Fátima revelou isto num novo livro, Do Soldado ao Estadista: O Legado de Muhammadu Buhari, escrito pelo Director-Geral do Instituto de Investigação de Políticas Policiais e de Segurança, Dr. Charles Omole, e apresentado em Abuja na segunda-feira.
No livro, ela revelou que a suspeita levou ela e seu falecido pai a se comunicarem por meio de anotações em vez de falar.
Ela acrescentou que houve ocasiões em que Buhari temeu que as conversas em seu escritório estivessem sendo monitoradas, o que levou a precauções incomuns durante suas interações.
A filha do falecido ex-presidente relembrou uma dessas reuniões em que o seu pai evitou falar completamente e, em vez disso, confiou em gestos para comunicar, sinalizando que deveriam escrever as suas mensagens.

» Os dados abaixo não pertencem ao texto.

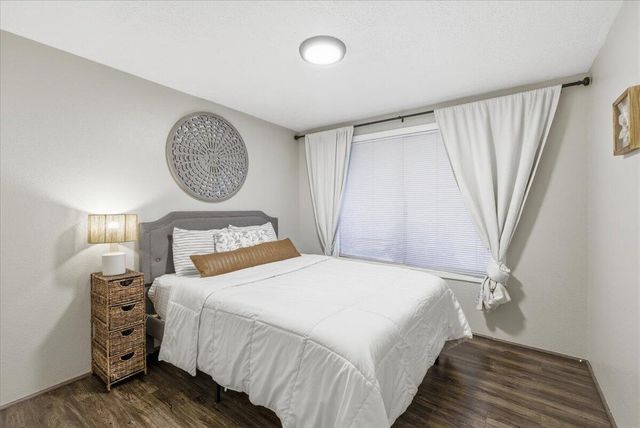 2613 Siskiyou Blvd Boulevard, Medford, OR 97504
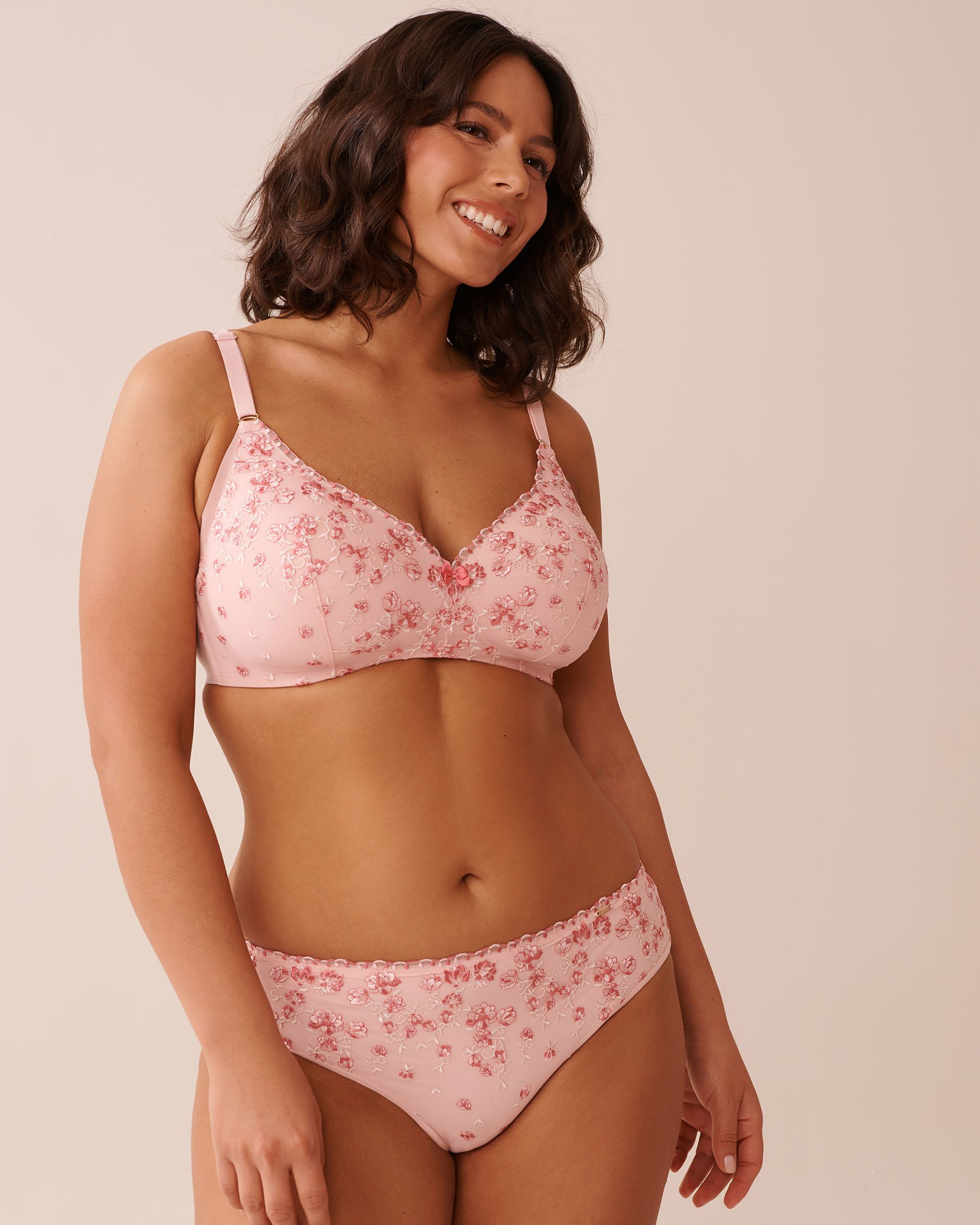 LA VIE EN ROSE Soutien-gorge doublure légère sans armatures dos lisse Fleurs roses 10200491 - Voir5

“Ele tocou a bochecha, como se estivesse com dor de dente, e sinalizou que não deveríamos conversar. Escrevíamos bilhetes um para o outro, como espiões em um filme”, disse ela.
Segundo ela, o ex-presidente acreditava que dispositivos de escuta haviam sido plantados em seu escritório na Villa e alertou-a para ter cautela, lembrando que ele próprio estava sempre alerta.
O livro apresenta o episódio não como uma teatralidade, mas como um mecanismo de enfrentamento em um ambiente onde a confiança era tensa e a privacidade incerta.